- [Instructions to follow]: When you reach the line containing "NWT Howard’s Blue Earrings - Picture 2 of 3", start transcribing exactly and continue through the last line of the data, skipping every picture.

- [Source material]:

┏━━

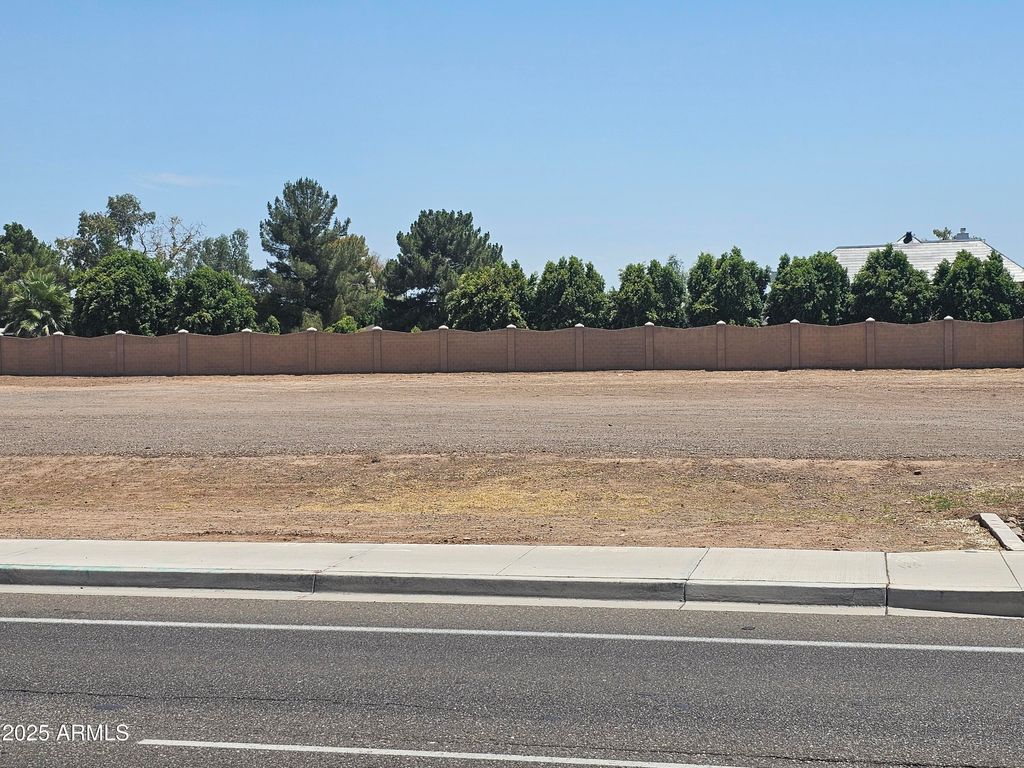 Image 9 of property listing at 0 E Baseline Road -, Gilbert, AZ 85234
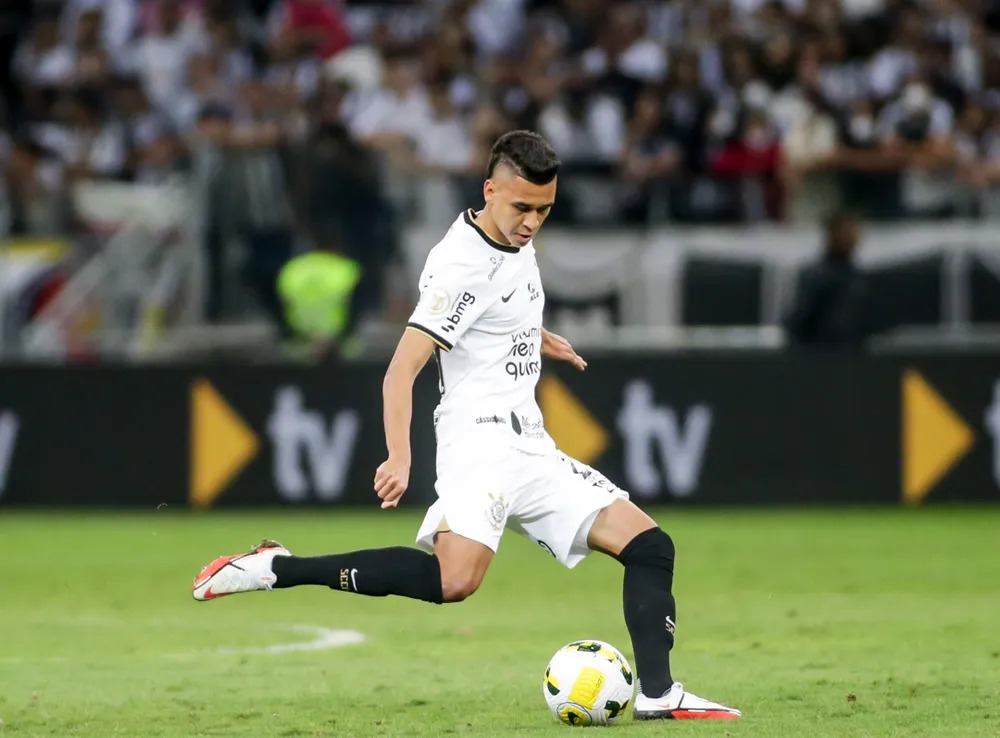 Imagem - Remo oficializa a contratação do volante colombiano Víctor Cantillo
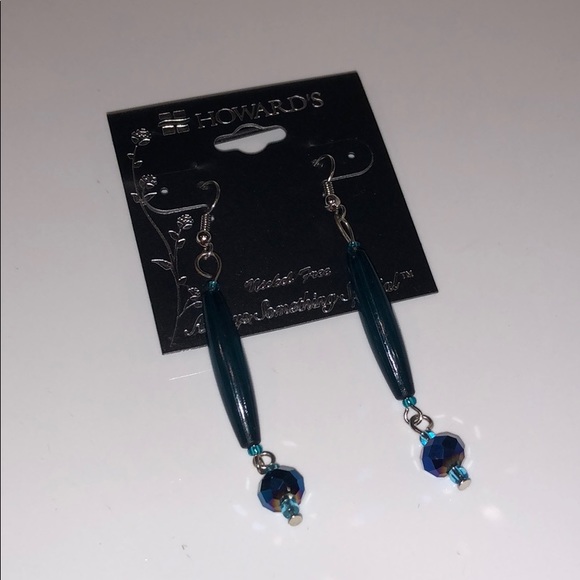 NWT Howard’s Blue Earrings - Picture 2 of 3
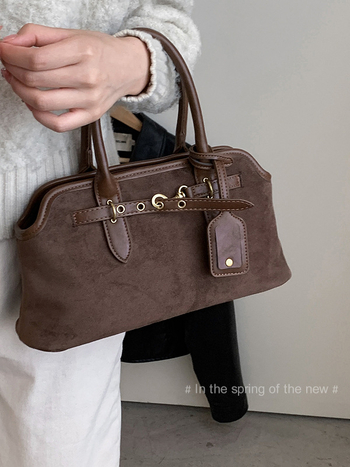 Ženska retro velur satchel, crossbody torba za svakodnevnu upotrebu, proljeće 2025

┗━━

- [Output below]:
 NWT Howard’s Blue Earrings - Picture 2 of 3
 Ženska retro velur satchel, crossbody torba za svakodnevnu upotrebu, proljeće 2025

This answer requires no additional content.